— What to do —
Please copy out the entries below exactly, beginning with the line that contains "Goblet embossed with" and ending with the line that contains "75750, TX Map of Theft Rates", and include nothing outside that span.

— Data for analysis —
--- --- ---
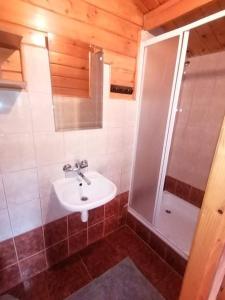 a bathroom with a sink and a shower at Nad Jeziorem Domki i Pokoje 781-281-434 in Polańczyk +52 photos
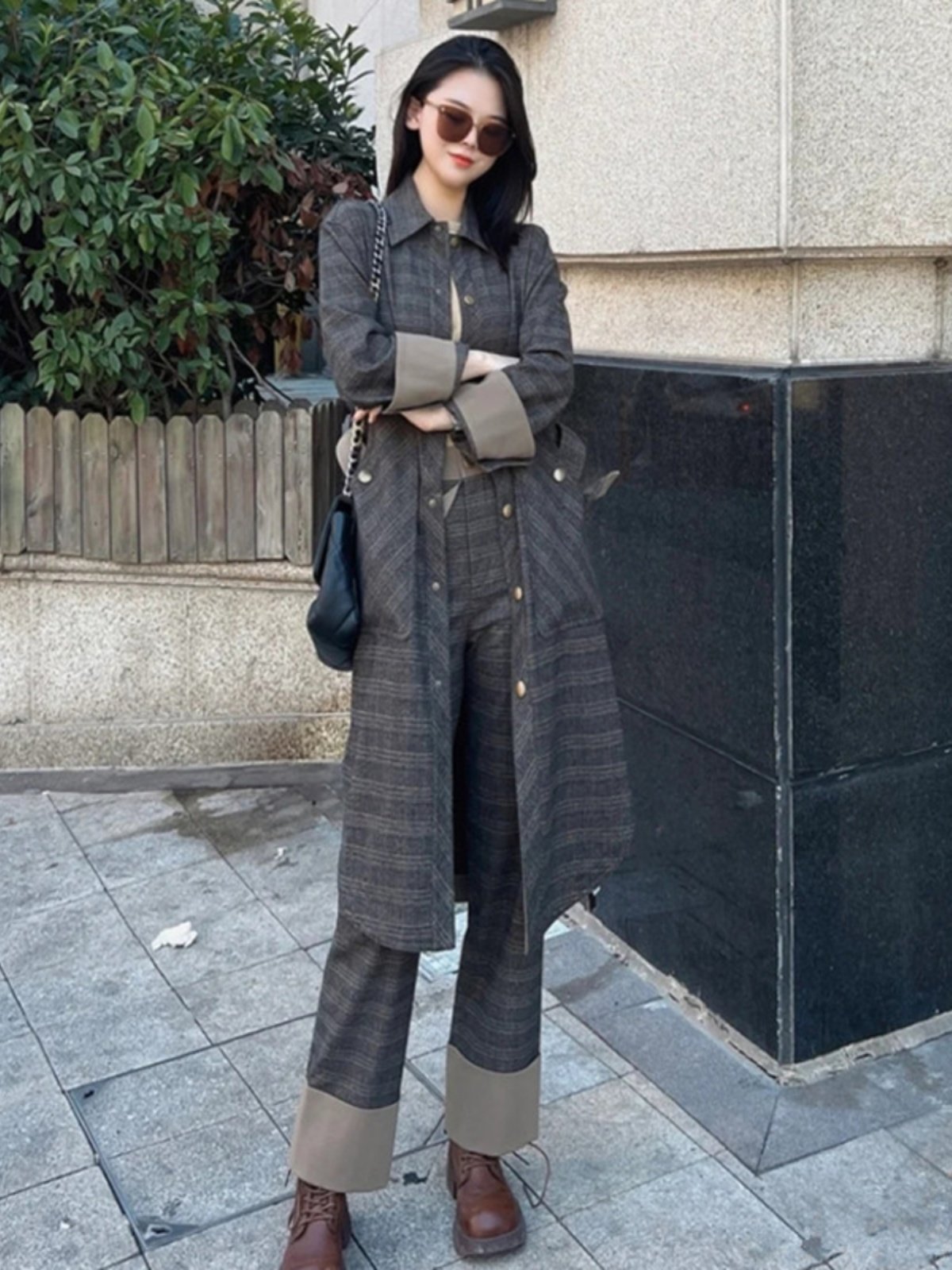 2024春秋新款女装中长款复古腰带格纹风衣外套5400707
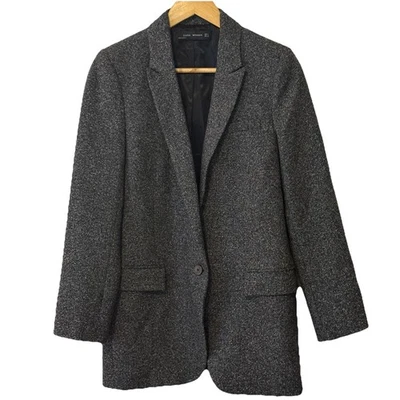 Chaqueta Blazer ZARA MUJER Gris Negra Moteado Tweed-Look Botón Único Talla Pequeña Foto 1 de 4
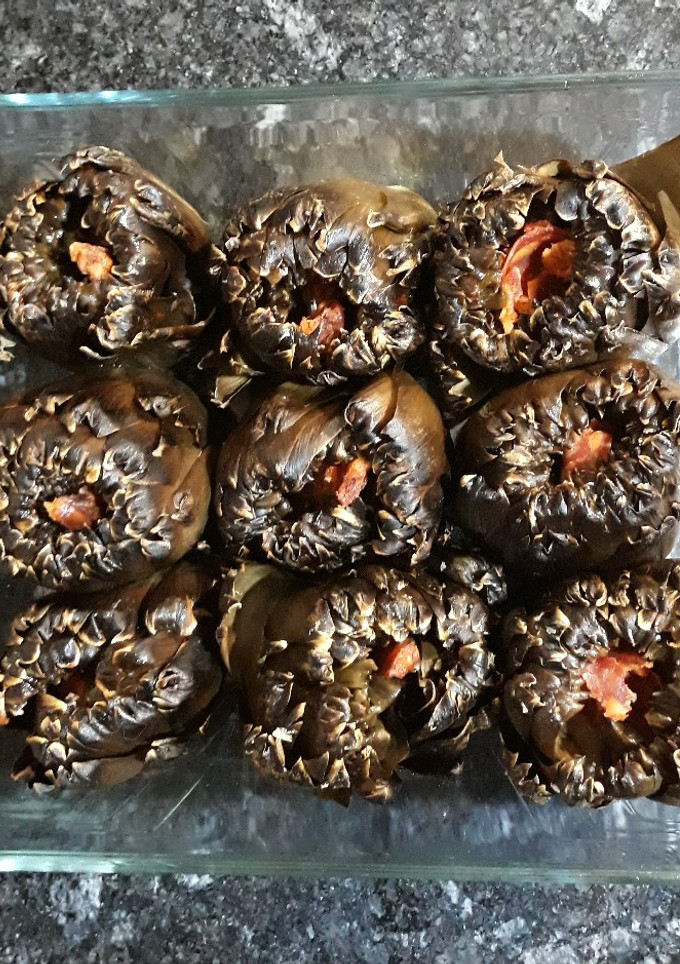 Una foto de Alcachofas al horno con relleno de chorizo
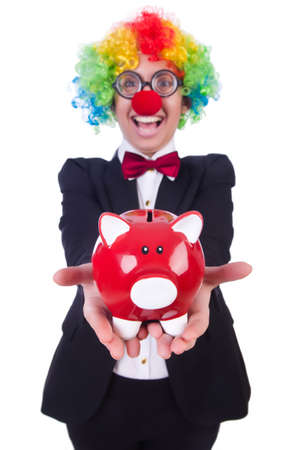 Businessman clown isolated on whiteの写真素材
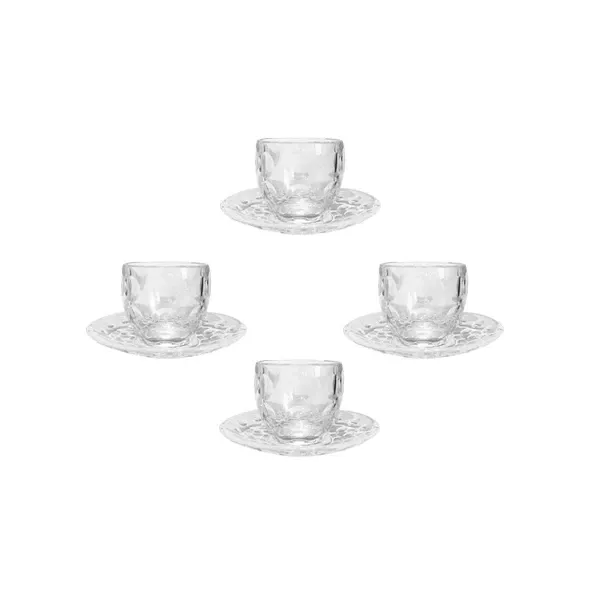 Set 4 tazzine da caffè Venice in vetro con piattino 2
--- --- ---
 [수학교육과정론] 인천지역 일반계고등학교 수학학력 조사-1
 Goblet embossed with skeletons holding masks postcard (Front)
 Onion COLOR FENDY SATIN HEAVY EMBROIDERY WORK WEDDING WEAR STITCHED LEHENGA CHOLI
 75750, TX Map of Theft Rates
--- --- ---
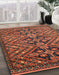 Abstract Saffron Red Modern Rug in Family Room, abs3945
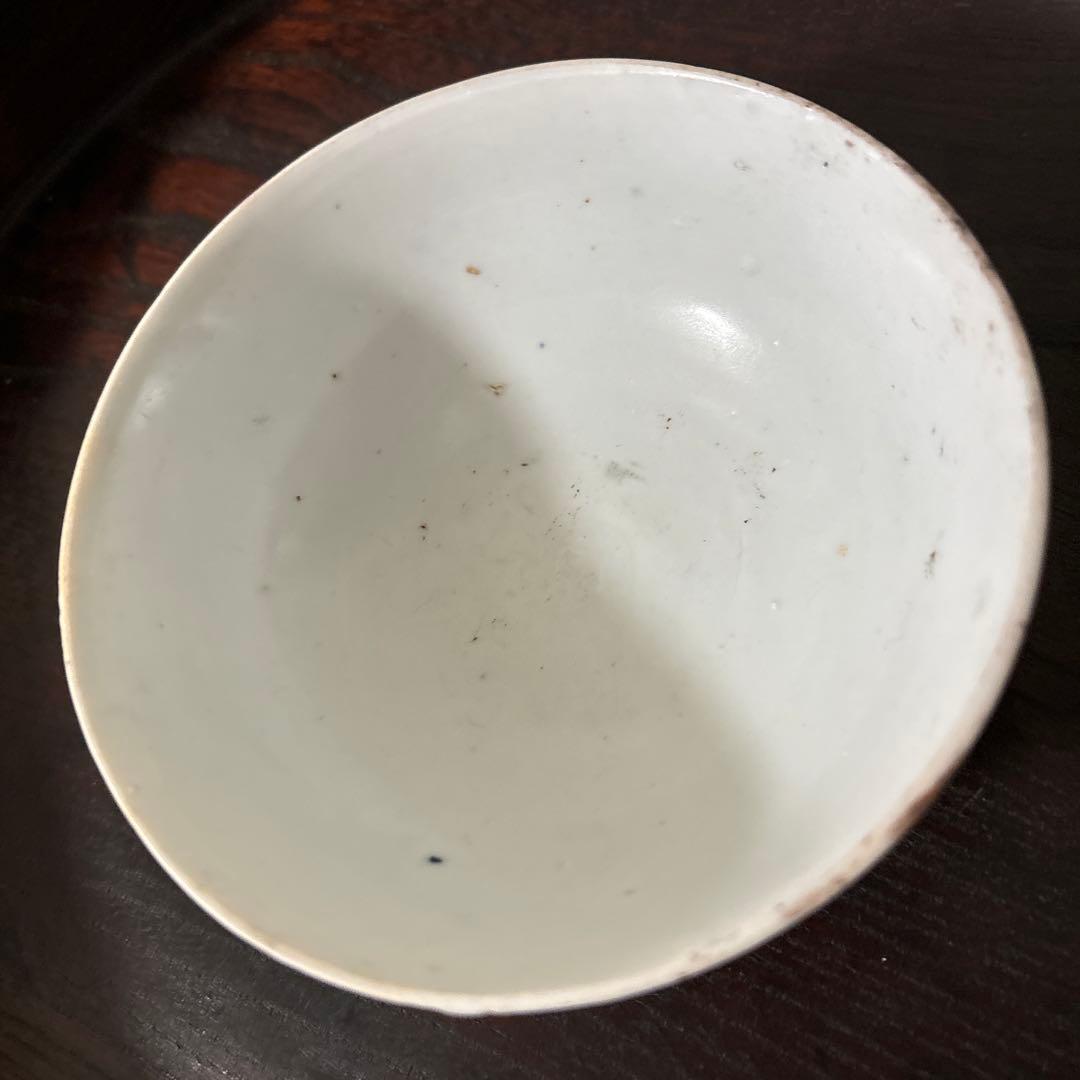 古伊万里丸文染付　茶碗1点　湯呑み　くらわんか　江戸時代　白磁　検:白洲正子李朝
--- --- ---
— Solution to this problem —
 Goblet embossed with skeletons holding masks postcard (Front)
 Onion COLOR FENDY SATIN HEAVY EMBROIDERY WORK WEDDING WEAR STITCHED LEHENGA CHOLI
 75750, TX Map of Theft Rates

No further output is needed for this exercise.